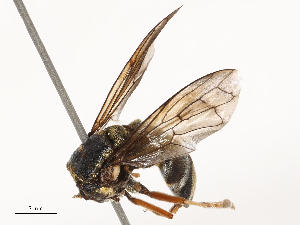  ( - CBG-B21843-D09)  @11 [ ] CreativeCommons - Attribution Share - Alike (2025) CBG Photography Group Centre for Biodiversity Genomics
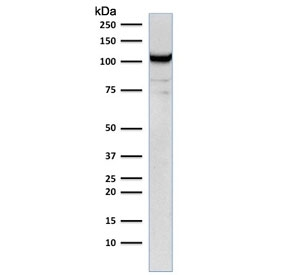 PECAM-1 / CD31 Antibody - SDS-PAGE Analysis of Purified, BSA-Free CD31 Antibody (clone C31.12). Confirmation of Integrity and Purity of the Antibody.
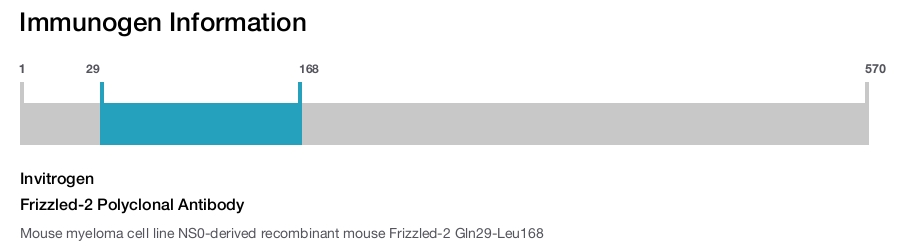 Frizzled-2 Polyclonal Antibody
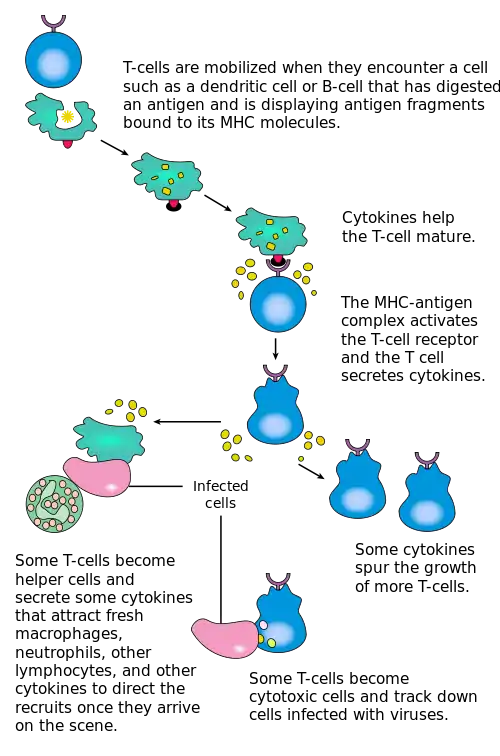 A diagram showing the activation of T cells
□ □ □
ABOUT THIS EXERCISE: From the first line to the last, retype the material exactly and exclude the pictures.

PROBLEM SOLUTION:
  ( - CBG-B21843-D09)  @11 [ ] CreativeCommons - Attribution Share - Alike (2025) CBG Photography Group Centre for Biodiversity Genomics
 PECAM-1 / CD31 Antibody - SDS-PAGE Analysis of Purified, BSA-Free CD31 Antibody (clone C31.12). Confirmation of Integrity and Purity of the Antibody.
 Frizzled-2 Polyclonal Antibody
 A diagram showing the activation of T cells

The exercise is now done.